## What to do
The answer must be the lines from the one that holds "Gardenwize Solar Watering" through the final line of the data, copied exactly, with no pictures.

## Data extract
####################
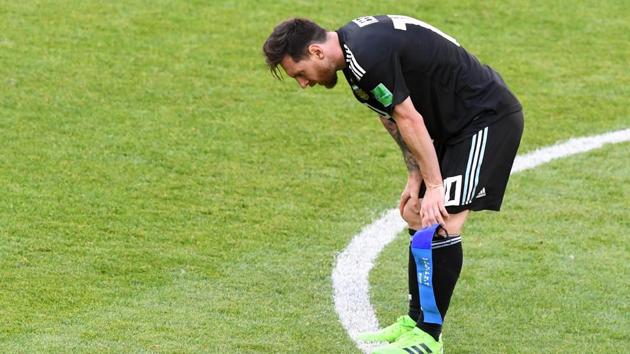 Argentina's Lionel Messi after the FIFA World Cup 2018 Group D match between Argentina and Iceland at the Spartak Stadium in Moscow on June 16, 2018. (Utpaal Sorkkar/HT Photo)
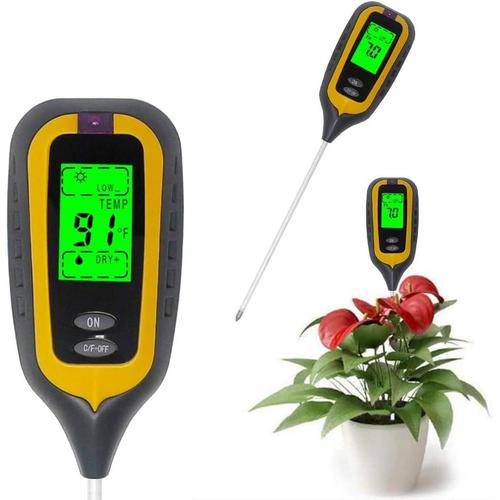 Testeur de Sol pH d'humidité Température Lumineuse 4 en 1 pH Metre de Sol Humidité Testeur Terre Electronique pour Jardin Plantes Jaune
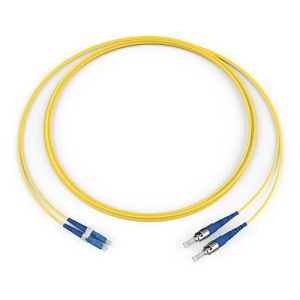 Corning 046102R5120010M | Standard LCUPC Duplex SM / Standard ST SM, SMF, 2F, Zipcord Riser, Standard Yellow Jacket 10 Meters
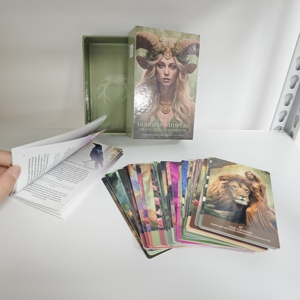 Jeu de cartes <span class=keywords><strong>Oracle</strong></span> de luxe personnalisé, cartes de tarot de haute qualité sur le thème des déesses, avec livre et boîte rigide pour la guidance spirituelle - Product Image 2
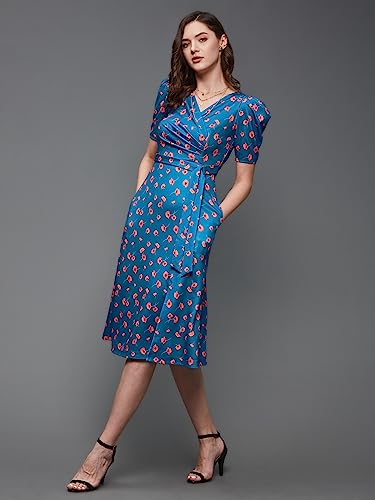 Miss Chase Women's V-Neck Pleated Puff Sleeve Floral Patterned Wrap With Pockets Midi Polyester Dress(Mcss23D98-53-163-06, Blue, Xl)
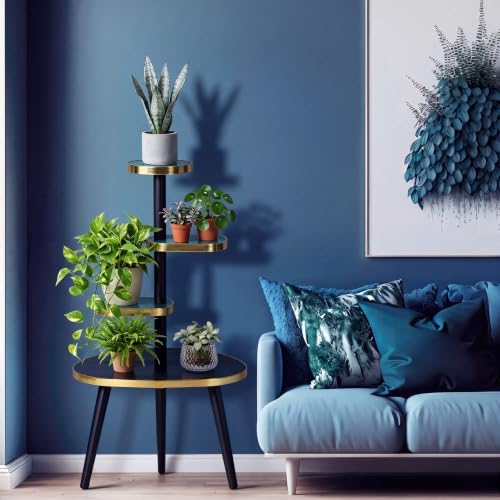 Amyhill Mid Century Modern Decor for Home 4-Tier Plant Stand Colorful Mid Century End Table Modern Storage Shelf for Living Room, Bedroom, Balcony, Boho Home Decor(Dark Green) - Image 5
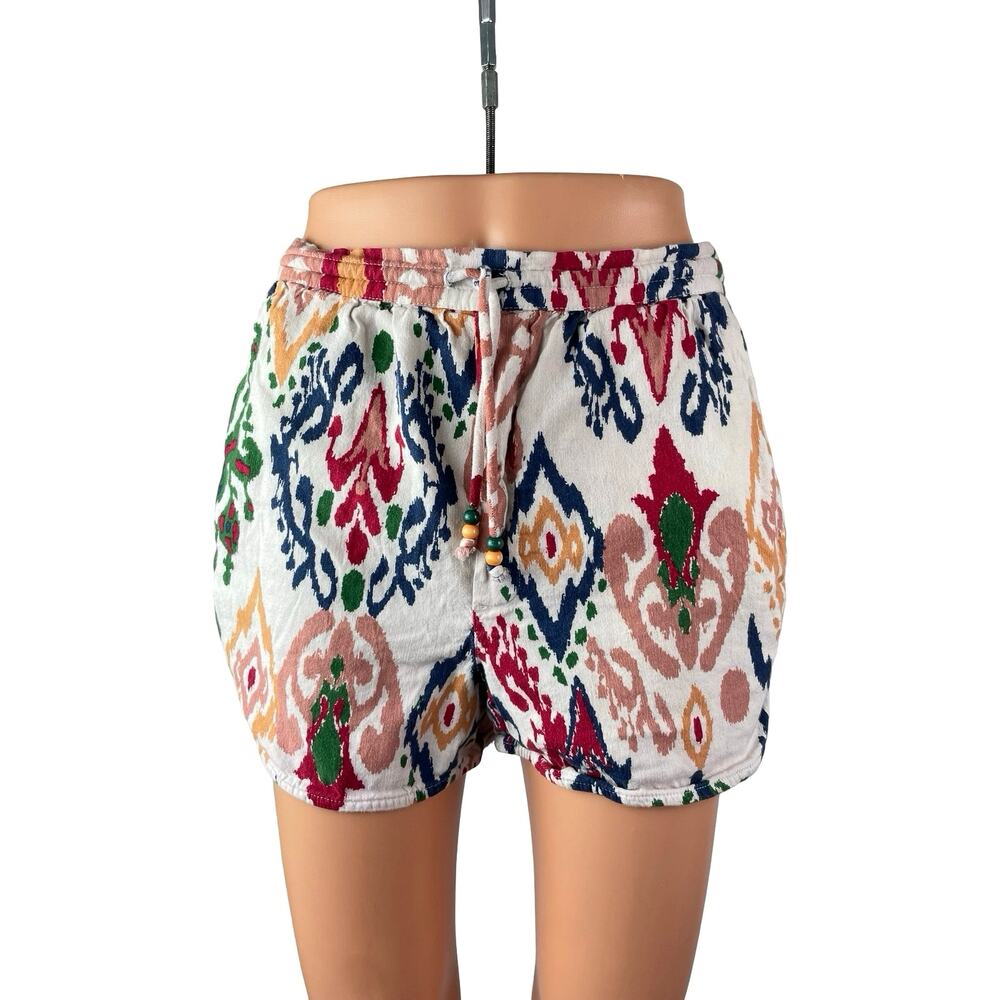 Zara Women's Multicolor Argyle Geometric High Rise Tie Boho Mini Shorts Size S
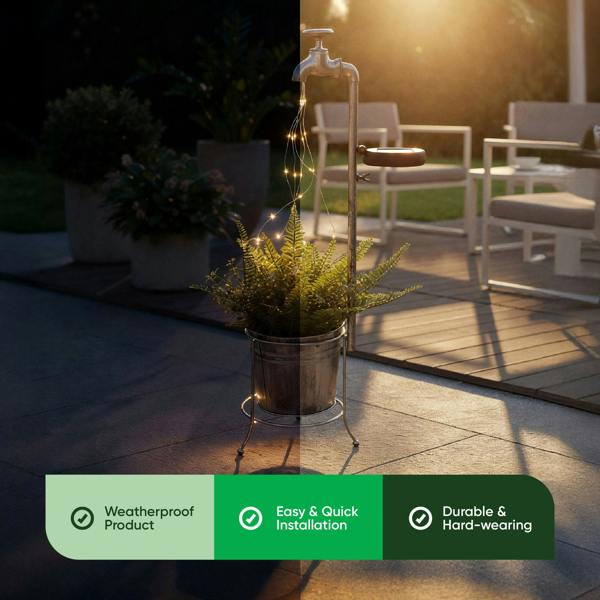Gardenwize Solar Watering Tap with Cascade Lights – Warm White LED Garden Feature Light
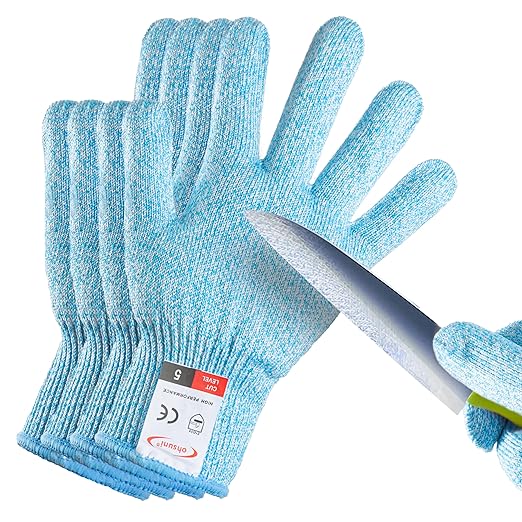Cutting Gloves, 2 Pairs of Cut Resistant Gloves Food Grade, Cut Resistant Gloves for Kitchen, Oyster Shucking, Fish Fillet Processing, Carving Wood and Gardening(Medium-Blue)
####################
## Output
Gardenwize Solar Watering Tap with Cascade Lights – Warm White LED Garden Feature Light
Cutting Gloves, 2 Pairs of Cut Resistant Gloves Food Grade, Cut Resistant Gloves for Kitchen, Oyster Shucking, Fish Fillet Processing, Carving Wood and Gardening(Medium-Blue)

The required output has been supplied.